In general, UI changes seem to be rolled out when devs feel like it and decide they look good, and changed in response to vocal feedback.
Will the Manifold team try rolling out a UI change with systematic or quantitative testing, before 2024-04-01?
Things that would count:
A/B testing the rollout so that only some users get it at first, with some kind of metric tracking.
Publicly discussing what metrics were tracked around the UI change, and how they were interpreted as good or bad.
Systematically and intentionally seeking feedback on a proposed or actual change, via a mechanism likely to have significantly less selection bias than "voluntary feedback from users engaged enough to be on Discord".
Creating a decision market that will resolve based on quantitative metrics and reporting those metrics.
The testing must be public enough that I can find evidence of it in order to count. This question resolves N/A if there are no UI changes whatsoever before close. I wouldn't be surprised if there are weird edge cases; please ask about them. I won't trade in this market.
I think it's unfortunate that the market was so mispriced, but I think it simply was mispriced. I think what actually happened was a pretty clear case of the first bullet point:
A/B testing the rollout so that only some users get it at first, with some kind of metric tracking.
It's public in the sense that the testing was done on the users, on the public site, not a private test group (eg, employee-only beta). I think I wrote the title a little poorly, in that it overly emphasized the "public" aspect. On a re-read of the market text, I think it's clear that the "public" aspect can be fairly minimal. In particular:
The testing must be public enough that I can find evidence of it in order to count.
That bar was clearly met.
My apologies for the confusion. I regret that I wasn't terribly engaged with Manifold for most of the duration of this question, but there doesn't appear to have been much relevant discussion that I missed or questions I failed to answer, so I don't think that actually had a large impact. My apologies also for the slow resolution; trying to figure out what to do with what appeared to be a badly-mispriced market was stressful and I procrastinated on it.

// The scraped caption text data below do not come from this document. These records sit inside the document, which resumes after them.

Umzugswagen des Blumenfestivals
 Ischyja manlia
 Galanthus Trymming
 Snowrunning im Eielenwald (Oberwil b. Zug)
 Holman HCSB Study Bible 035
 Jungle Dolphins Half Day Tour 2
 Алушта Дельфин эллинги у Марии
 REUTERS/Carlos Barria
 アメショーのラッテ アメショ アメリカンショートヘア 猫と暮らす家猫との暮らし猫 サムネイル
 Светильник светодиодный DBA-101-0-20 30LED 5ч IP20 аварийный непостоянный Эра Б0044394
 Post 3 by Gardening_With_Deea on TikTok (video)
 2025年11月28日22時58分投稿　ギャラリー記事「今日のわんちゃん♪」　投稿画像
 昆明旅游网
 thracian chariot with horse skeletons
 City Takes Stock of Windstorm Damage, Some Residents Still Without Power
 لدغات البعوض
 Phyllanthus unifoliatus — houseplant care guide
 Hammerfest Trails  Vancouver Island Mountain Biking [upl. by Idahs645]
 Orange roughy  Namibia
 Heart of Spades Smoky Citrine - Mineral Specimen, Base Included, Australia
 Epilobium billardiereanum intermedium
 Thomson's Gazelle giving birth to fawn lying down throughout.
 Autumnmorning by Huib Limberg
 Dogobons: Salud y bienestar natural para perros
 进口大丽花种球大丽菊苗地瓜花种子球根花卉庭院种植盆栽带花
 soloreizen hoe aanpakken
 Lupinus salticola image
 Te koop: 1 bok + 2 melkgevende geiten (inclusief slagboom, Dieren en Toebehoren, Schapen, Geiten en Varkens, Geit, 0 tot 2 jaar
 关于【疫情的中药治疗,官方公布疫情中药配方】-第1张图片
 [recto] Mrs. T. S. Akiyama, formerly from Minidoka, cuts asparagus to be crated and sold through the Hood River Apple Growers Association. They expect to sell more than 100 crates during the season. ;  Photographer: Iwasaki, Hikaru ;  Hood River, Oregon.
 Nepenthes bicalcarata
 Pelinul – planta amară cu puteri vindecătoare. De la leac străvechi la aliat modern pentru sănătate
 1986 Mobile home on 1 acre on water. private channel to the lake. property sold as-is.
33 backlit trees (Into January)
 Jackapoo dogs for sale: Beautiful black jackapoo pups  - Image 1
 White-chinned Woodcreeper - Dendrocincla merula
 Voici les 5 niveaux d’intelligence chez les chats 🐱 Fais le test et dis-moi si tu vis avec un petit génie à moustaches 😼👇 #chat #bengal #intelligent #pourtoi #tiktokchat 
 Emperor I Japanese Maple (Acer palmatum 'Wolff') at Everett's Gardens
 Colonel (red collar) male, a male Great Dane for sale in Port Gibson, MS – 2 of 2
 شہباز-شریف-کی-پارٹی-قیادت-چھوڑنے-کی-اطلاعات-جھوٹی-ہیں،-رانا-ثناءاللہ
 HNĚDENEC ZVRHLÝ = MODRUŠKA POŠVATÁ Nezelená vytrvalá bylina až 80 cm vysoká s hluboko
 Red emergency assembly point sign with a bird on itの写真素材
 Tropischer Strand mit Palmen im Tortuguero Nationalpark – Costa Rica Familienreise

@EvanDaniel I saw this question a few days ago and it was only priced at 10% or something, I didn't bet but I'm pretty sure they did do A/B testing in March.
Found two instances:
It's up to you to decide if it meets your criteria, but my view based on reading Standup was that they intentionally made an effort to do this within the last month. I guess I know why I didn't bet -- I wasn't sure how clear it needed to be for the criteria whether these were "UI" changes, and I couldn't figure out why the market was trading at only 10% when it was obvious (to me) that this was going on....
@Eliza That sure looks like A/B testing of display features. I don't see anything I wrote that said it had to be about major changes; what text to display somewhere sure seems like it counts.
I didn't read in detail, but I'm assuming they tracked some kind of metric to go with this.
I'm inclined to resolve Yes based on this, but will wait a couple days in case anyone wants to present a counter-argument. Resolving a market Yes that closed at 3% makes me a little nervous, so I'd like to give No bettors time to respond.
Anyway, sounds like you should have bet on it... not all Manifold markets are efficient ;)
@EvanDaniel Hi, I guess I'm the one who bet it to 3%. I have no problem with this counting for a YES resolution against me, it's just $M470. Yes, @Eliza should've gotten most of it, but with no actual YES holders who gets my mana, the AMM? Anyway, I'll share my reasoning behind the bet.
I bet with the expectation that a YES resolution required something more public, not just of the UI changes visible to users, but of the testing results, metrics, discussion, and/or analysis. I based this assumption on the points mentioned in the description:
Publicly discussing what metrics were tracked around the UI change, and how they were interpreted as good or bad.
Systematically and intentionally seeking feedback on a proposed or actual change, via a mechanism likely to have significantly less selection bias than "voluntary feedback from users engaged enough to be on Discord".
I suppose I should have clarified before betting if this was the intended meaning of "public" in the title and description. I feel the description emphasized this meaning, but I see the first point (before what I quoted) does cover A/B testing results/discussions kept private. So, up to you.
Here's what I could do, if you decide to bail me out and resolve NO I'll send $M200 to @Eliza as a reward for surfacing the evidence. Note my profit on a NO resolution would only be about $M33.
@eppsilon If they publicly tested the April Fools feature before rollout, thus causing this market to resolve Yes, I will laugh my ass off.
For example, with the new UI, I don’t understand where to find the list of limit orders anymore.
It is probably somewhere, but I expect that with some testing, they would have seen it was hard to find.